Task brief:
Leaving out the pictures, output each record exactly as it stands.

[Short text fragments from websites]
===============

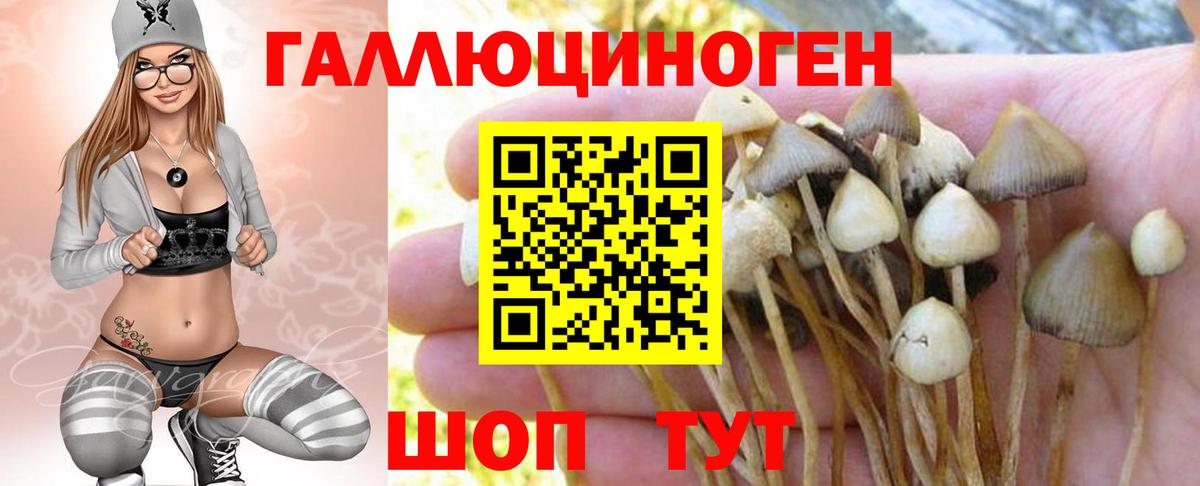 Псилоцибиновые грибы Psilocybe  где купить наркоту  Кандалакша  Вход с VPN 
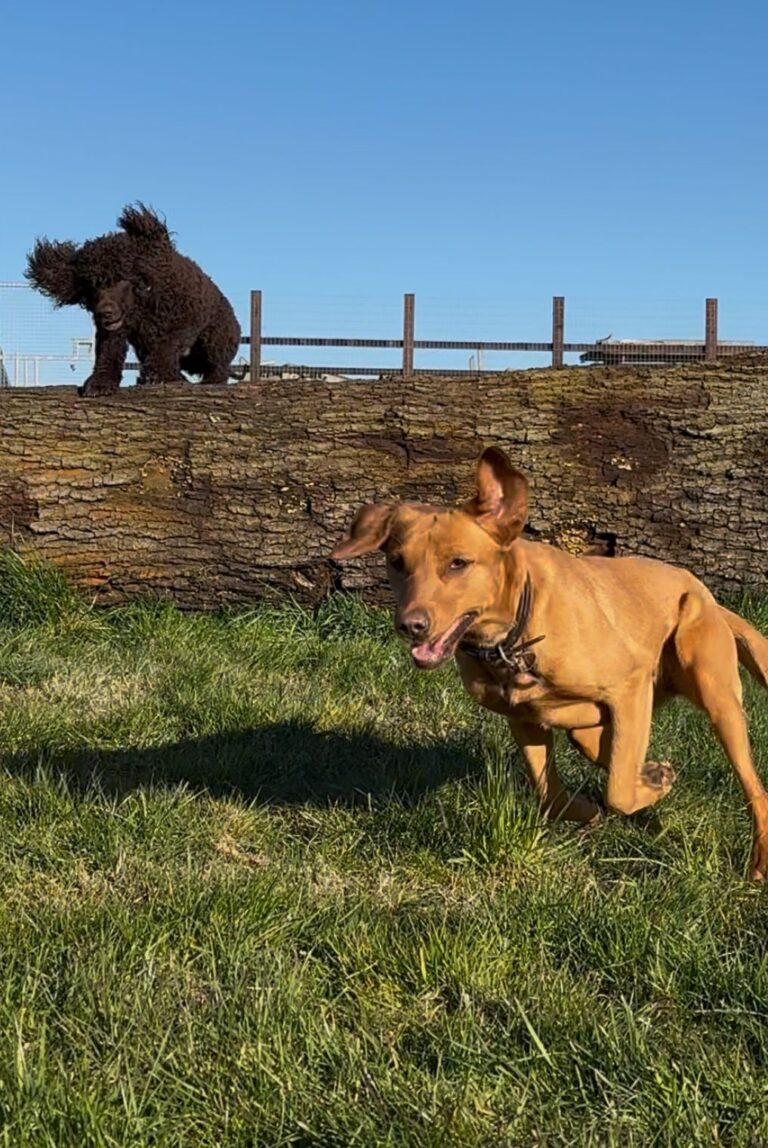 e0754b60 63af 4bc8 a60f bc7d23bd664b 768x1148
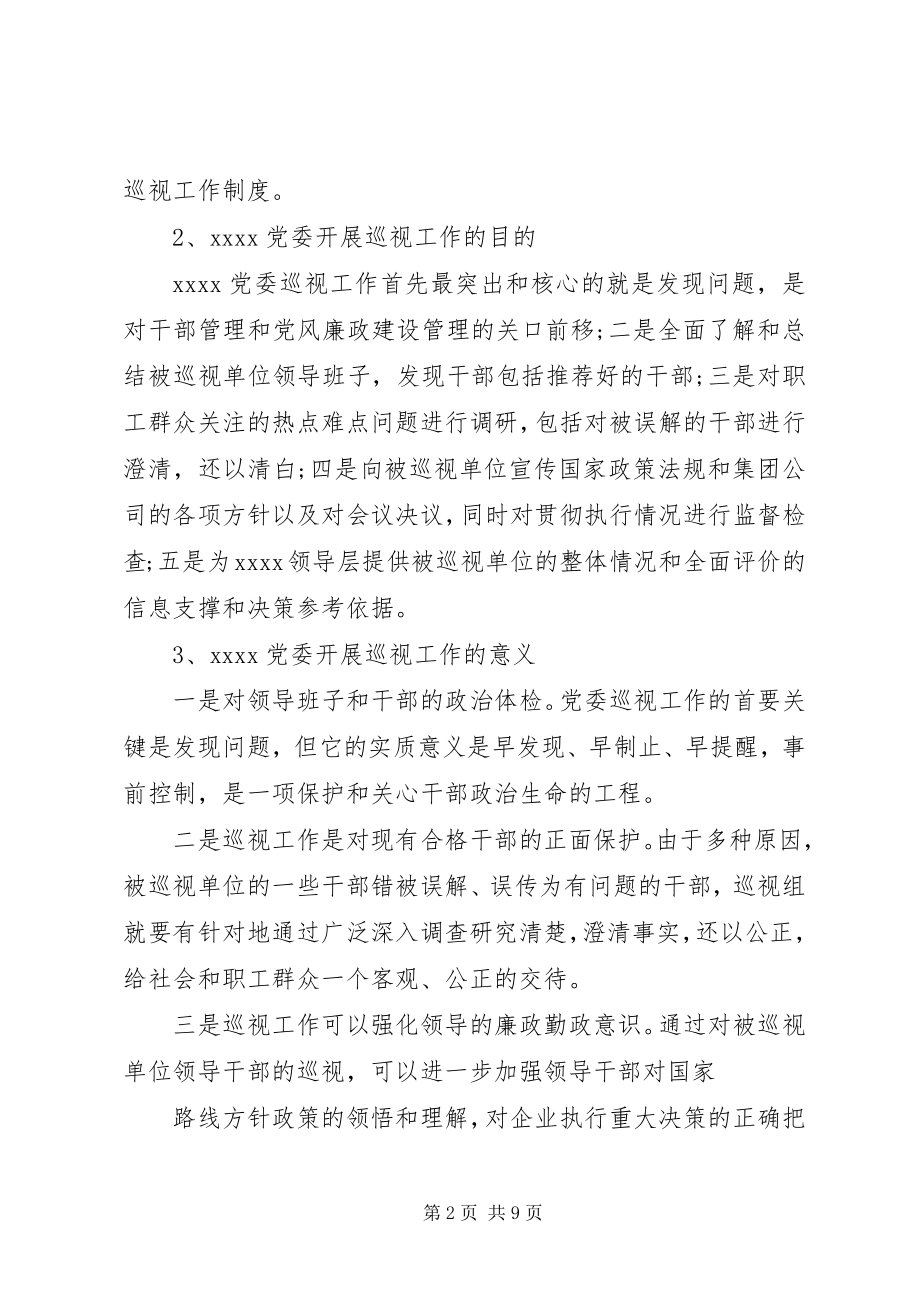 2023年巡察工作成员个人小结.docx_第2页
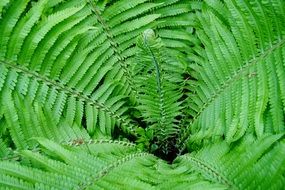 bright green leaves of fern in a circle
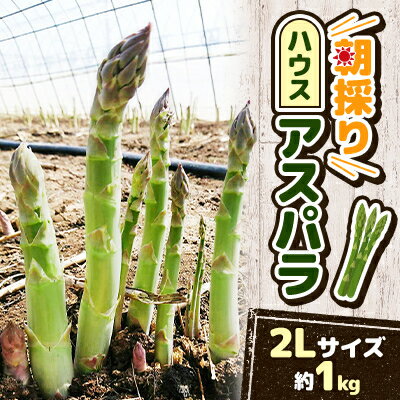 【2026年発送・数量限定】朝採りハウスアスパラ 2Lサイズ(アスパラ約1kg)【配送不可地域：離島】【1276024】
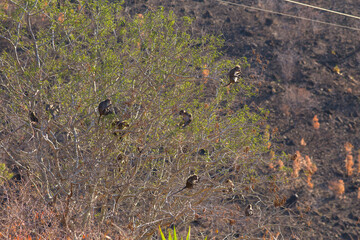 Monkeys Have Gathered in a Tree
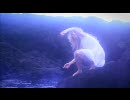 Tropics - Soft Vision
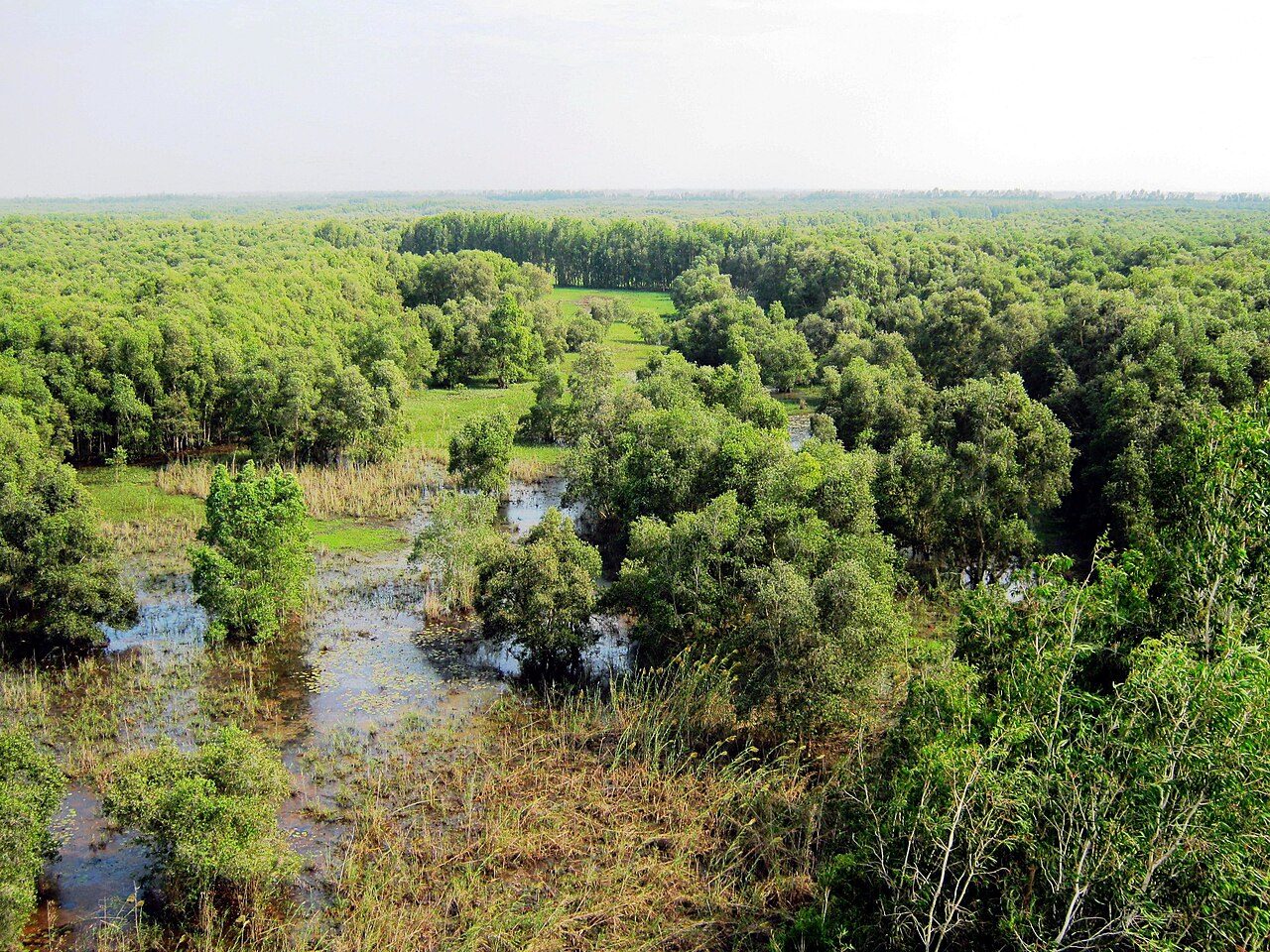 Tra Su Cajuput Forest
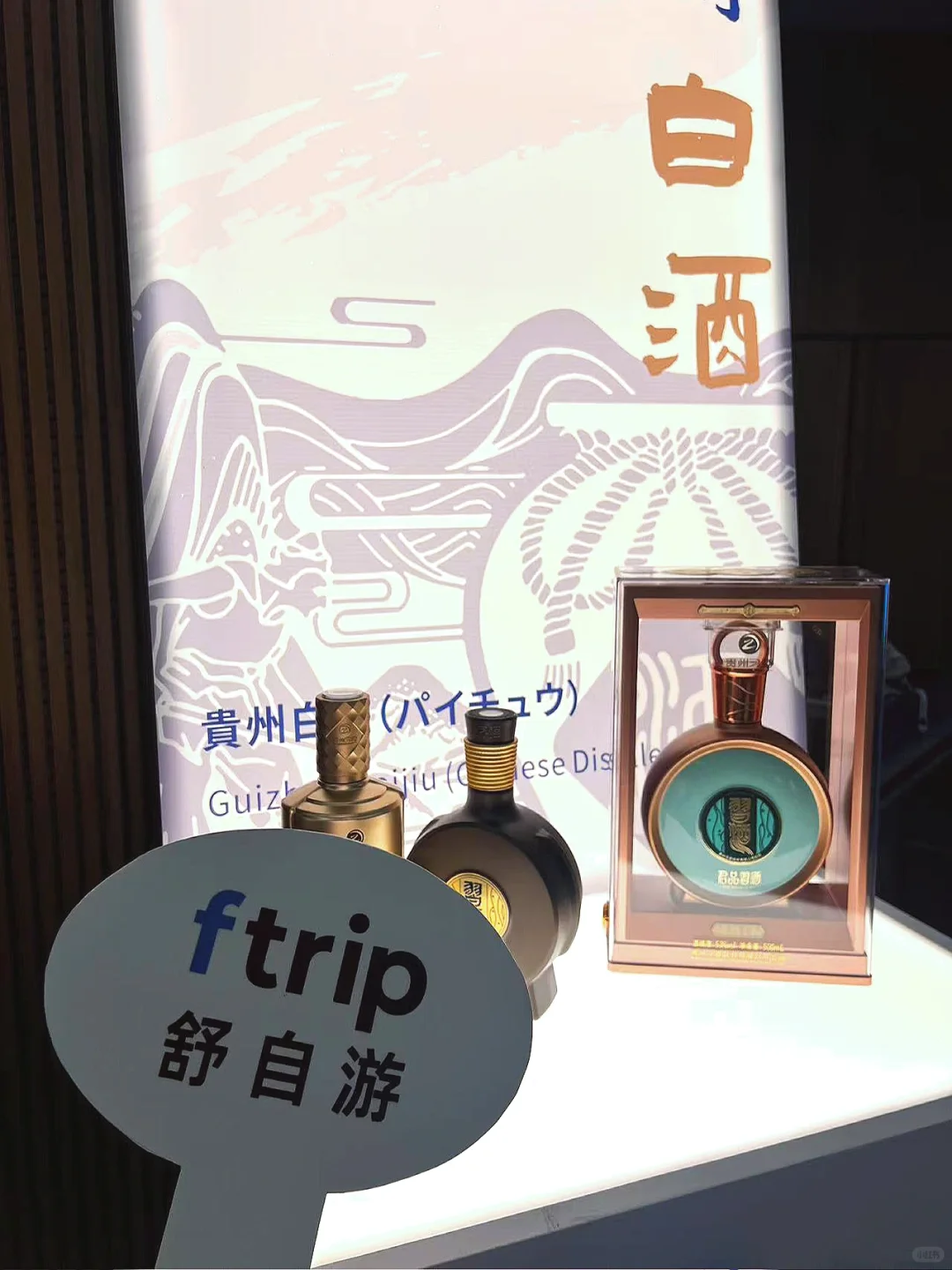 舒自游&日本大阪世博会 共绘国际新图景?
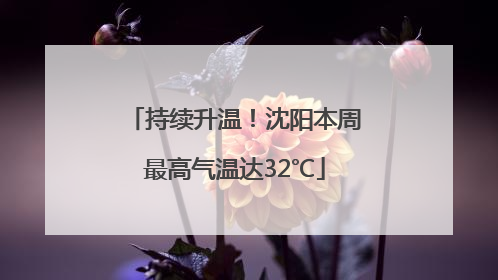 持续升温！沈阳本周最高气温达32℃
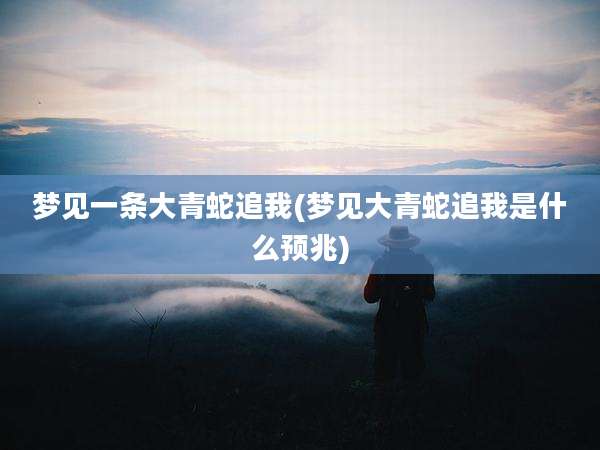 梦见一条大青蛇追我(梦见大青蛇追我是什么预兆)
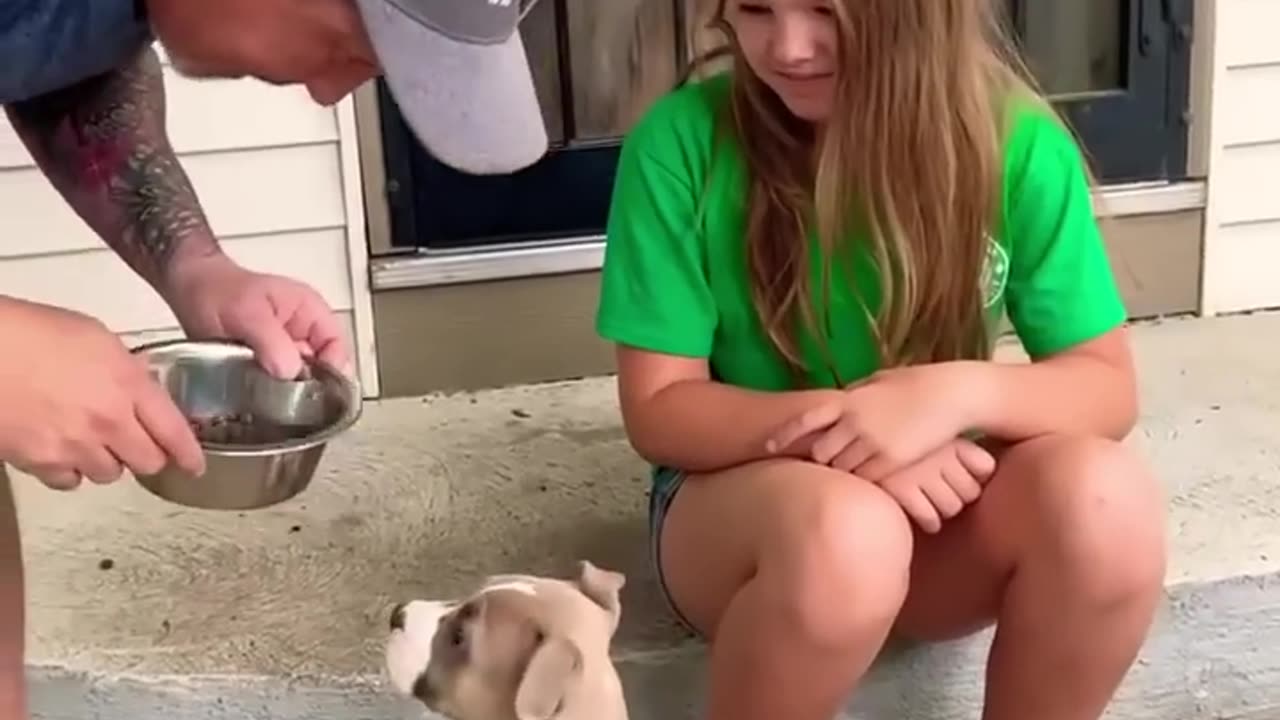 How to training a dog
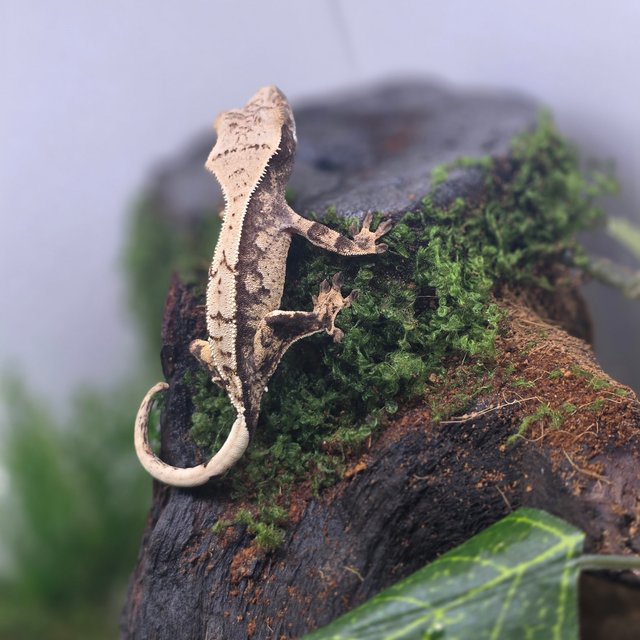 노멀 익스트림할리퀸 트라이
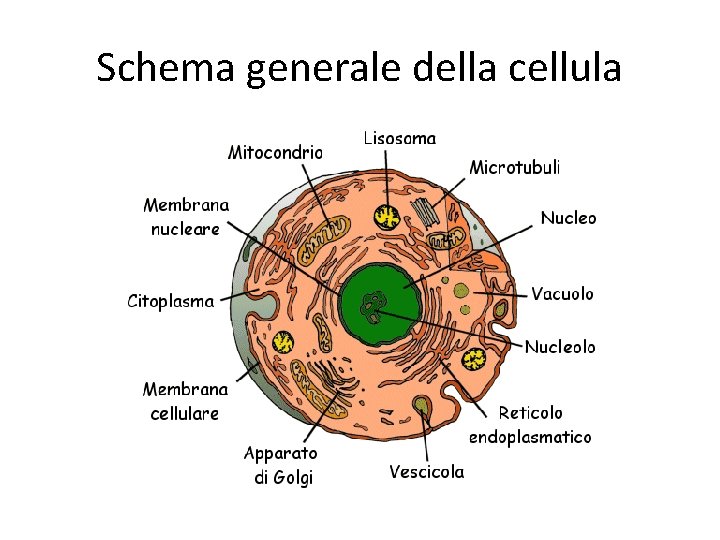 Schema generale della cellula 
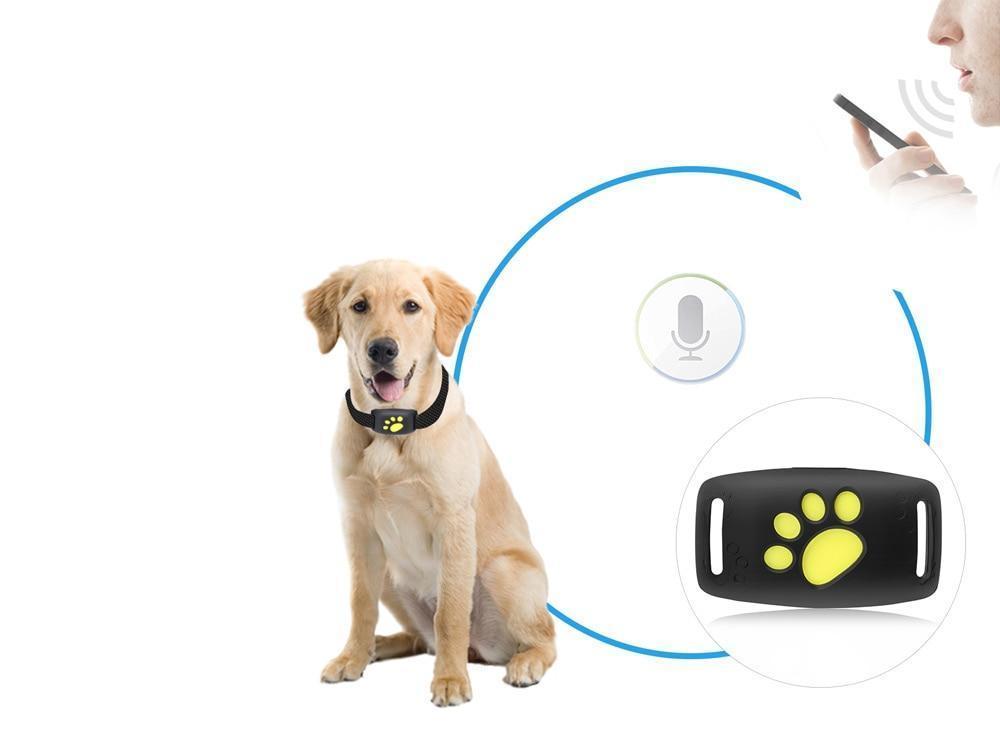 Luvikno | Trackcat - Sanntids GPS kattetracker halsbånd med pålitelig satellittsporing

===============

Answer space:
 Псилоцибиновые грибы Psilocybe  где купить наркоту  Кандалакша  Вход с VPN 
 e0754b60 63af 4bc8 a60f bc7d23bd664b 768x1148
 2023年巡察工作成员个人小结.docx_第2页
 bright green leaves of fern in a circle
 【2026年発送・数量限定】朝採りハウスアスパラ 2Lサイズ(アスパラ約1kg)【配送不可地域：離島】【1276024】
 Monkeys Have Gathered in a Tree
 Tropics - Soft Vision
 Tra Su Cajuput Forest
 舒自游&日本大阪世博会 共绘国际新图景?
 持续升温！沈阳本周最高气温达32℃
 梦见一条大青蛇追我(梦见大青蛇追我是什么预兆)
 How to training a dog
 노멀 익스트림할리퀸 트라이
 Schema generale della cellula 
 Luvikno | Trackcat - Sanntids GPS kattetracker halsbånd med pålitelig satellittsporing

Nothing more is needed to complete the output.